The real argument is about Windows, not Notepad
Windows 11 LTSC, the long-term servicing edition Microsoft builds for enterprises that can’t tolerate constant change, still ships the classic Notepad with no Copilot and no Markdown, and neither does Windows 10’s. The plain Notepad TinyRetroPad is recreating what was never deleted. Microsoft just quietly retired it from Windows 11.

Plummer has said the point was never to get anyone to use a hand-assembled 2.5KB editor. It’s to show how much untapped potential already sits inside Windows, because modern app development defaults to bundling everything an app might need instead of asking what the OS already provides.
In a recent test, Windows Latest found that Windows 11’s Media Player, takes a few seconds to open a video and uses 377MB idle, against 103.4MB and instant playback on the legacy version, one that predates HEVC yet plays it better than the modern app does without a $0.99 Store add-on.

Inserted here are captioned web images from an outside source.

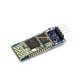 M&oacute;dulo Bluetooth HC-05 4 pinos (modo mestre/escravo) com bot&atilde;o - Thumb - 4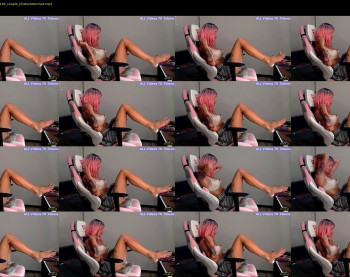 sandy_chris — 3 minute Chaturbate couple teen cam video, 1080p, Jul 22, 2022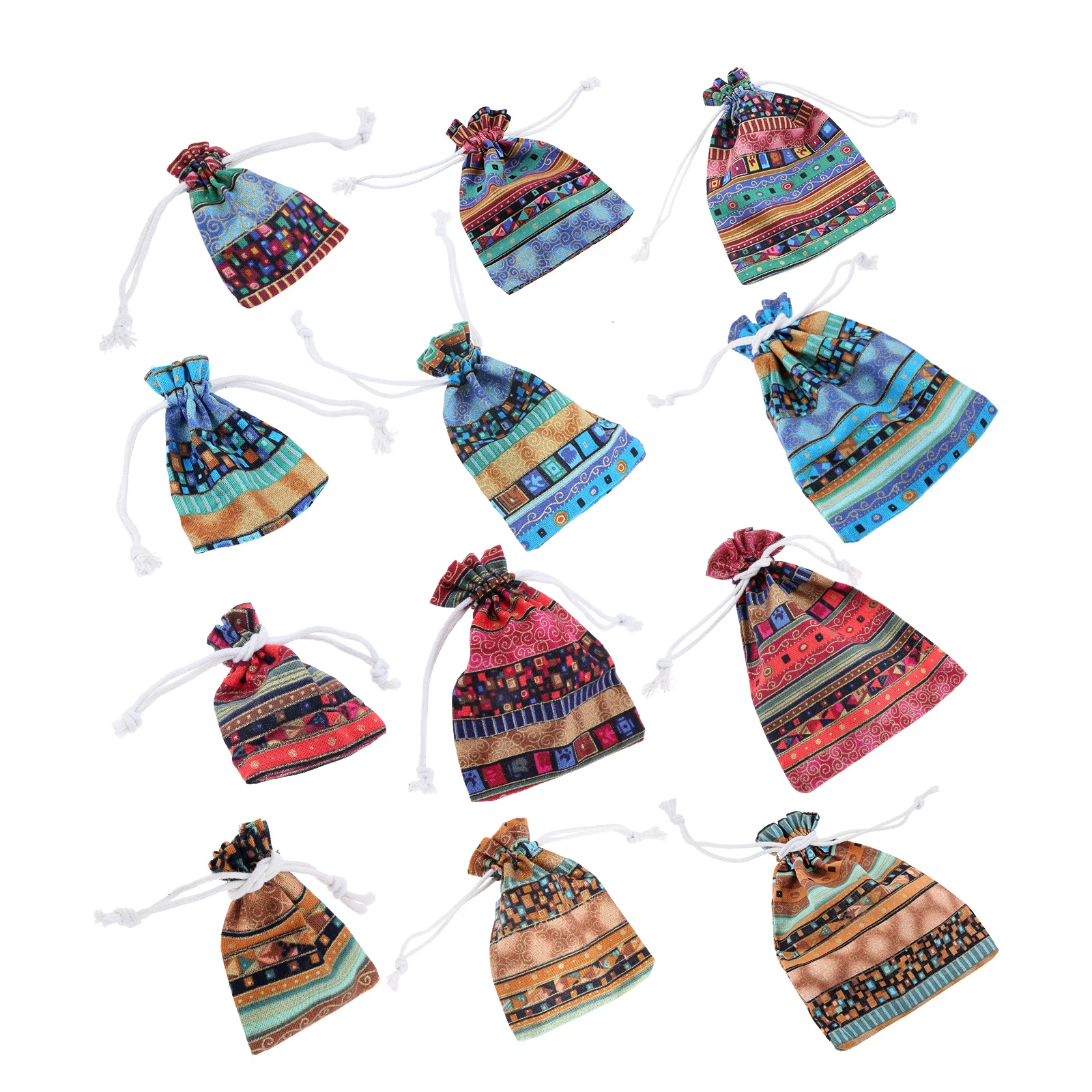 1PC Cotton Linen Drawstring Gi - đánh giá và giá Art Craft Event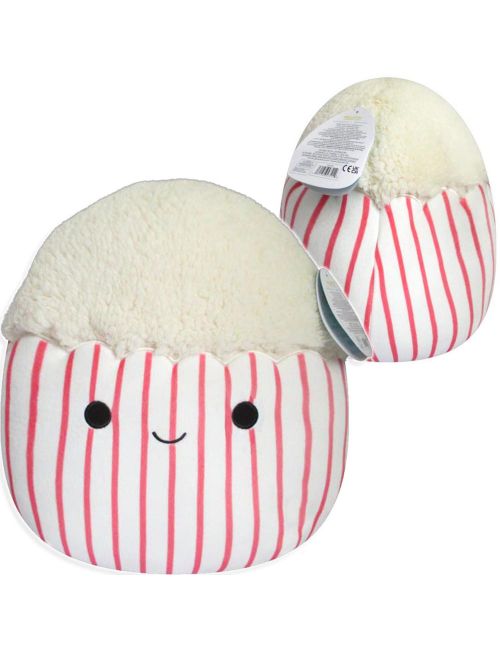 Squishmallows Popcorn Arnel Pluszak Maskotka 19cm Miękka 1319 5369
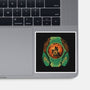 No Time Left To Forget-None-Glossy-Sticker-sachpica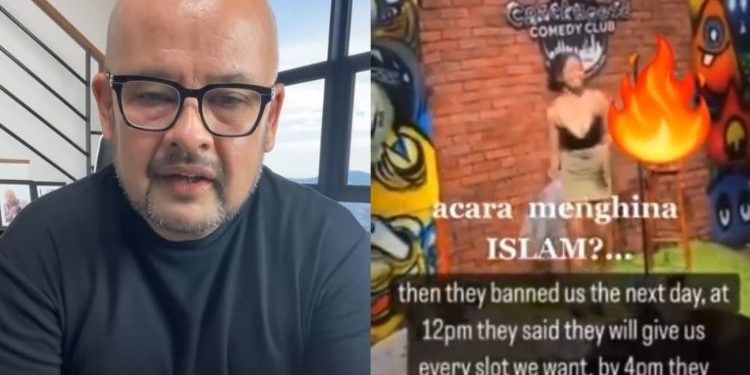 “Wanita Itu ‘Mental’, Dia Perlu Dibantu” – Harith Iskander Mohon Pakar Hulurkan Bantuan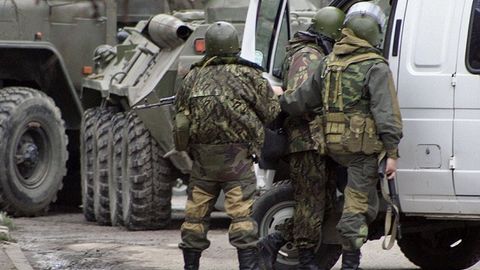 Reuters: Rossiya maxsus topshiriqli bo‘linmalari Misr va Liviya chegarasiga joylashtiriladi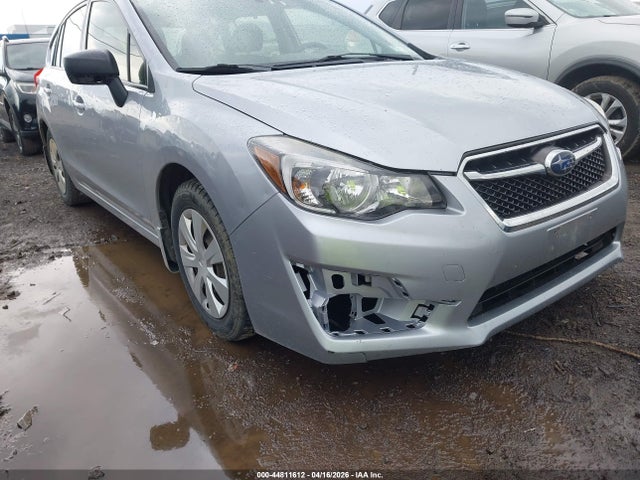 44811612 :رقم المزاد ، JF1GPAA60G9217644 vin ، 2016 Subaru Impreza 2.0i مزاد بيع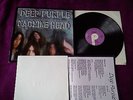 DEEP PURPLE   machine head 1972-FIRST UK PRESS PURPLE LAB(THE GRAMOPHONE) -MINT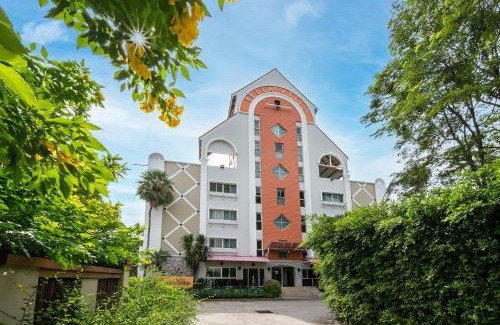 Central Pattaya Hotel | Bella Villa Pattaya 3rd Road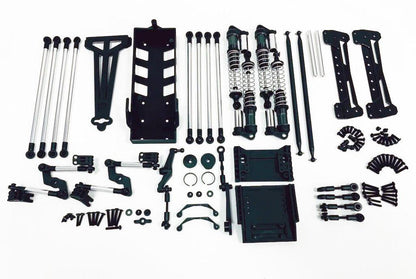 Cen Racing CKD1000 KAOS F450 SD Custom Truck Lift Conversion Kit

Sure, we need modern-looking apps in Windows 11, but that mustn’t come at the cost of efficiency and control. We’re not saying that Microsoft isn’t allowed to bundle subscription plans in their inbox apps, but Windows 11 itself isn’t free. It’s paid software. Microsoft’s decades-old classic apps still look good and are robust. Also, the software giant built Calculator, Notepad, and Media Player decades ago without today’s tools and infrastructure. What needs to change isn’t the hardware. It’s the mindset that every rewrite needs to be as efficient as possible, just for the sake of it being possible.